Snyder’s film was less financially successful than Schumacher’s dreadful Batman, the first movie I ever walked out of, but it was a much better movie. Roger Ebert gave it 4/4 stars, calling it “a compelling visceral film … that evokes the feel of a graphic novel.” Suddenly, “The Beginning Is the End Is the Beginning” was a hit. After a decade and a half of irrelevance, it was on the Top 100 on iTunes.

Corgan explained that the visuals of Snyder’s film seemed to connect people to the music, turning the song from a “nothing, nobody gave a s***, to an instant classic.” The rediscovered gem taught the Pumpkins frontman something important.

“It’s not up to us to assess value,” Corgan said.
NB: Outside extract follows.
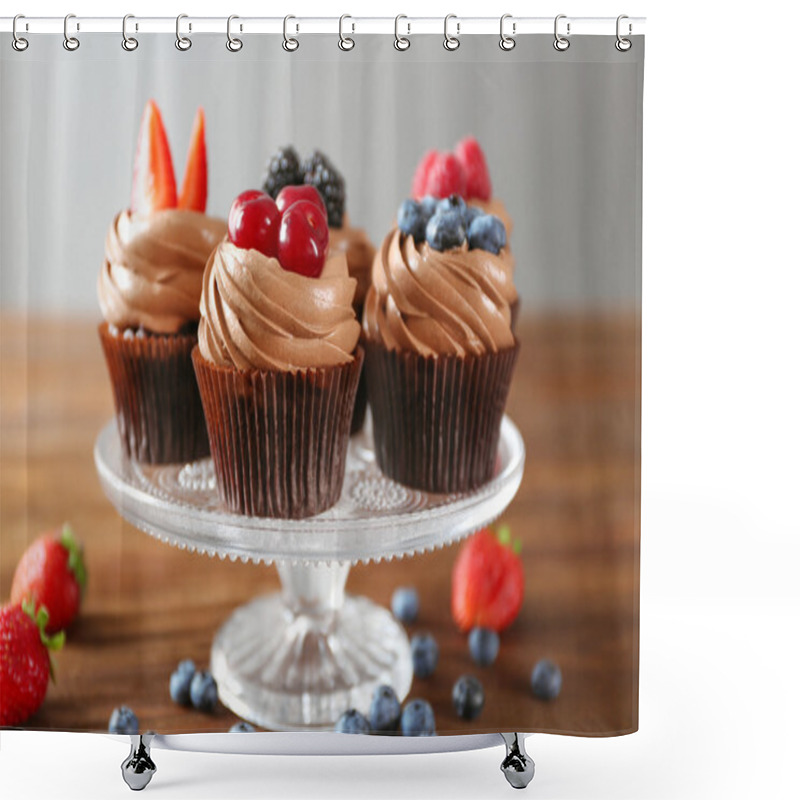 Personality  Tasty Chocolate Cupcakes   Shower Curtains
He’s right, and the insight carries a deeper economic lesson. Whether you’re a musician, craftsman, or vacuum salesman, you don’t determine the value of your product. Consumers do, through the marketplace. Whether he realized it or not, Corgan is describing one of the most important ideas in economics.

Subjective value is an idea as old as humanity, but it was named during the Marginal Revolution of the 1870s by three economists working independently — Carl Menger of Austria, William Stanley Jevons of England, and Leon Walras of Switzerland. What Menger, Jevons, and Walras knew is what Corgan discovered: The worth of a good or service is not inherent in the object itself. Nor is value determined by how hard its maker worked or how much labor was put into it, though some Marxists have trouble giving up on that idea.
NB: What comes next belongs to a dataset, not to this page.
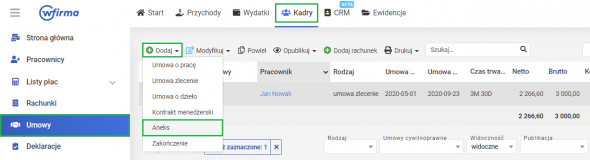 Jak dodać w systemie wFirma.pl aneks i zakończenie umowy zlecenie? - dodawanie aneksu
Many people, including economists, struggle to fully grasp the idea that value doesn’t reside in things themselves. Instead, value comes from how individuals perceive and prioritize goods in a particular time and place. The idea sits at the center of economics, and it helps us understand why exchange makes the world prosperous.

Subjective value is implicit in trade itself. Voluntary trades only happen because one person values what he’s getting more than he values what he’s giving up — and the same must be true for the other person.
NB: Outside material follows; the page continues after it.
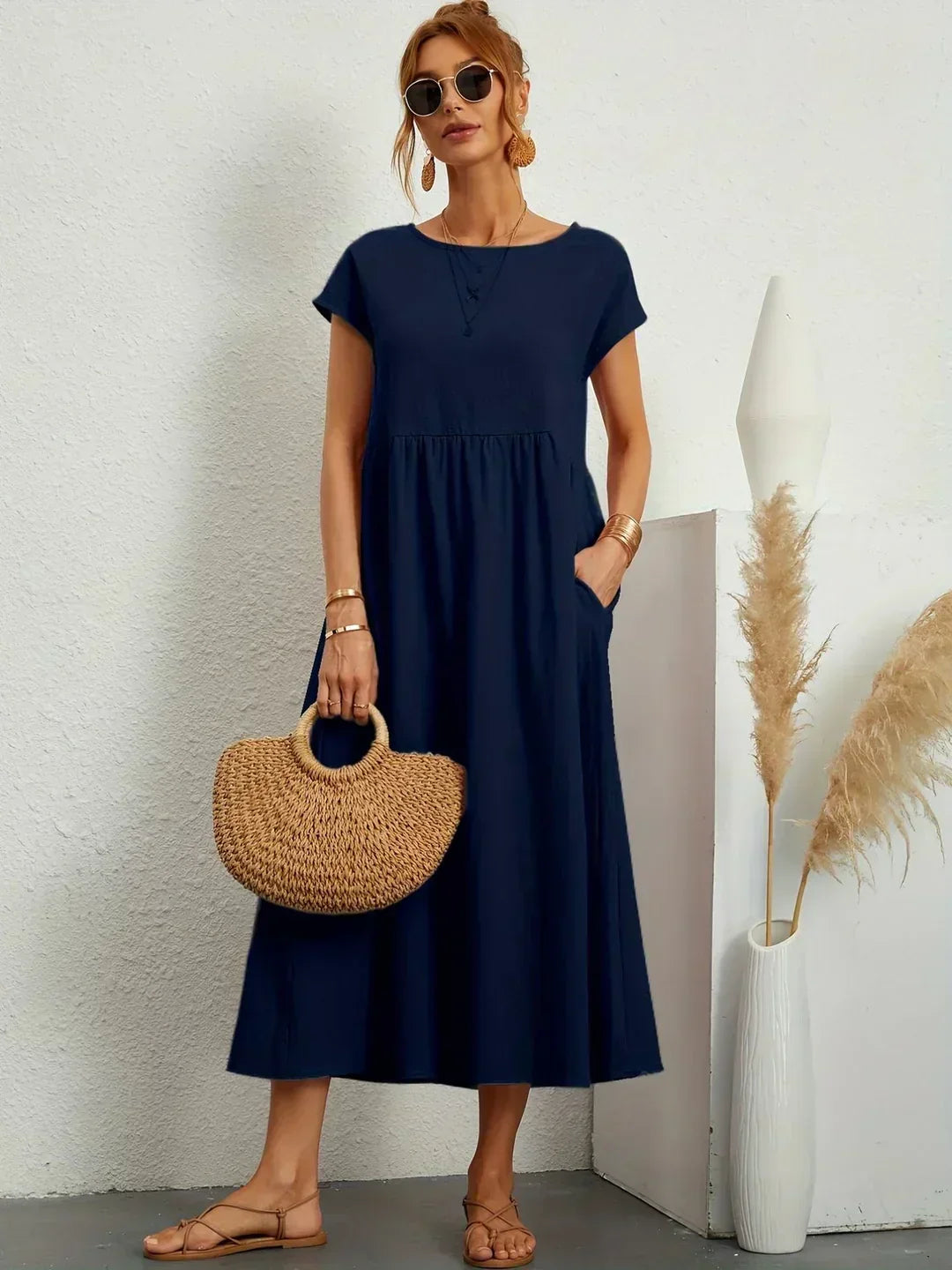 Heike | Robe midi fluide à l'élégance intemporelle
People value different things. Many people are happy to pay $10,000 for Taylor Swift concert tickets. I, on the other hand, wouldn’t pay $100 to see her perform because I’m not a fan of her music. Prices help us determine how other people value the goods and services in a marketplace, but the value isn’t inherent. And it isn’t determined by how hard somebody worked on something. It’s determined by consumers.

Corgan’s experience shows this. In 1997, audiences of Batman didn’t value “The Beginning Is the End Is the Beginning.” The song was a dud. Even fans of the band didn’t want to hear or buy it.

In 2009, that changed. Viewers of The Watchmen began to enjoy it and purchase the song, and radio stations began to play it. The intrinsic value of the song didn’t change. Nor did the labor Corgan and his bandmates put into it — whether Corgan spent three minutes or three months writing the song didn’t matter. What mattered was that in 2009, consumers began to place much more value on the song than they did in 1997 and became willing to pay for it.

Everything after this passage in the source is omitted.